Methods 458 healthy subjects were recruited from the London Life Sciences Prospective Population (LOLIPOP) study. They underwent 2-D and tissue Doppler echocardiography for quantification of left ventricular (LV) function, LV volumes, left atrial volume index (LAVI), left ventricular mass index (LVMI) and relative wall thickness (RWT).

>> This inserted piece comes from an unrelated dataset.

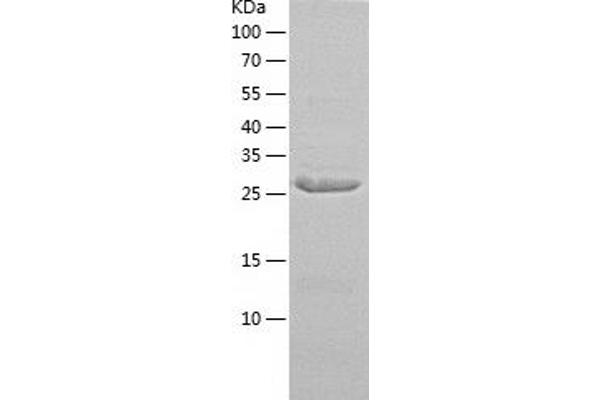 SULT1A1 Protein (AA 1-291) (His tag)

Results Indian Asians had attenuated mitral annular systolic velocity (8.9 cm/s vs 9.5 cm/s, p<0.001), lower mitral annular early diastolic velocity (10.3 cm/s vs 11.0 cm/s, p<0.001) and higher E/Ea ratio (7.9 vs 7.0, p<0.001) compared to European white subjects. Although Indian Asians had significantly smaller left heart volumes and LVMI, they had a significantly higher RWT (0.37 vs 0.35, p<0.001). After adjustment for covariates, these ethnicity-related differences remained highly significant (p<0.001).
Conclusion Compared to European white people, Indian Asians had attenuated longitudinal LV function, higher LV filling pressure and demonstrated a greater degree of concentric remodelling independent of other demographic and clinical parameters.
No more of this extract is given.